Die im März 2024 veröffentlichten Geschäftszahlen der Generalstaatsanwaltschaft Naumburg weisen einen landesweit erheblichen Anstieg der Anzahl der erfassten Diebstahltatverdächtigen aus. Dieser Anstieg liegt im bundesweiten Trend eines zu beobachtenden Anstiegs der Diebstahlzahlen nach einem zuvor deutlichen Rückgang im Zusammenhang mit den sogenannten Coronamaßnahmen.

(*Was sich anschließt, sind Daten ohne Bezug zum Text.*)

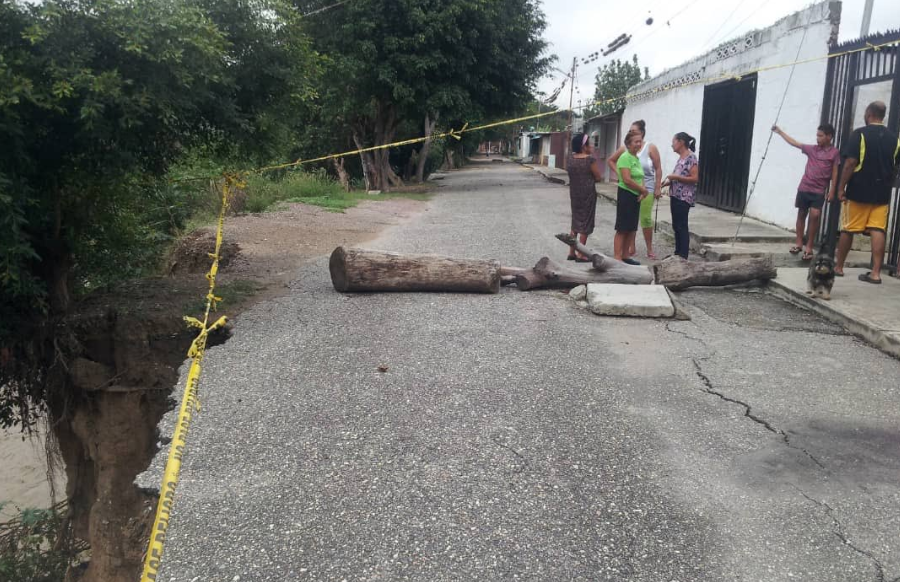 Vecinos de Iribarren en estado de alerta tras deslizamiento de tierra #23Oct (Foto)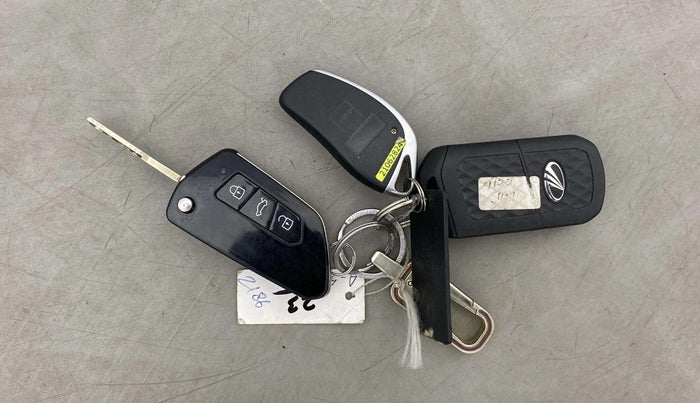 2021 Mahindra Scorpio S5, Diesel, Manual, 82,940 km, Key Close Up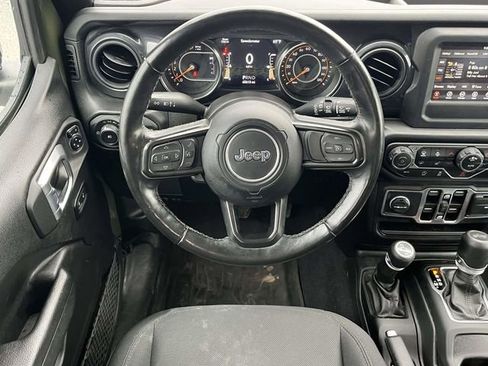 Used 2022 Jeep Wrangler Unlimited Sport AWD/4WD image 17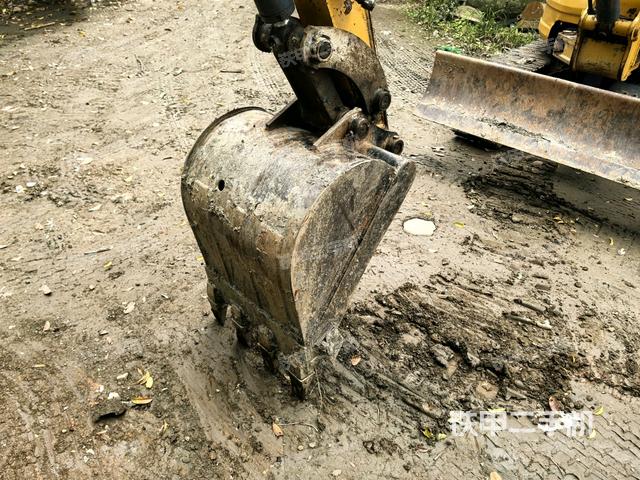 鏟斗45度(工作和回轉(zhuǎn)裝置) 鏟斗45度(工作和回轉(zhuǎn)裝置)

Diesen Verfahrensanstieg bewältigen unsere Bediensteten in den Staatsanwaltschaften auch jeden Tag pflichtbewusst. Mein Haus unterstützt die personelle und notwendige Ausstattung der Staatsanwaltschaften und Gerichte permanent. Die Sachbehandlung von Ermittlungsverfahren wegen Ladendiebstahls durch die Staatsanwaltschaften hat dabei auch nur wenig Anlass zu Beanstandungen gegeben. So sind mir im Wege der Fachaufsicht keine konkreten Fälle angetragen worden, in denen sich die geschädigten Einzelhändler etwa mit einer Beschwerde an das Ministerium für Justiz und Verbraucherschutz wandten, weil sie mit Einstellungsentscheidungen der Staatsanwaltschaft unzufrieden waren. Ähnliches berichtete mir auch der Generalstaatsanwalt aus seinem Geschäftsbereich, in dem die Wiederaufnahmequote bei Beschwerden gegen Einstellungsbescheide der Staatsanwaltschaften generell zuletzt weniger als 1 % betragen hat.

Es besteht für mich daher kein Anlass, im Wege der Fachaufsicht behaupteten vermeintlich ungerechtfertigten Einstellungsentscheidungen im Einzelfall nachzugehen. Ein Zusammenhang mit der im Antrag ebenso wie im Alternativantrag unterstellten mangelnden Sensibilität der Staatsanwaltschaften für dieses Kriminalitätsphänomen zeigt sich offenbar auch nicht. Dies hat die Generalstaatsanwaltschaft im Gespräch mit den IHK auch betont. 

Vor diesem Hintergrund sehe ich keinen Anlass, die Staatsanwaltschaften anzuhalten, jeden einzelnen Ladendiebstahl ohne Geringfügigkeitsgrenze bis zur gerichtlichen Entscheidung zu verfolgen und damit die Möglichkeiten auszuschließen, die der Bundesgesetzgeber eben für eine anderweitige Erledigung in hierfür geeigneten Fällen gerade ausdrücklich vorgesehen hat. Dies gilt auch und gerade im Bereich des Jugendstrafrechts, wo die sorgfältige Auswahl der zur Einwirkung auf die Täterpersönlichkeit erforderlichen Sanktionen besonders wichtig erscheint und sich jeder schablonenhaften Bewertung von vornherein entzieht. - Ich danke für Ihre Aufmerksamkeit.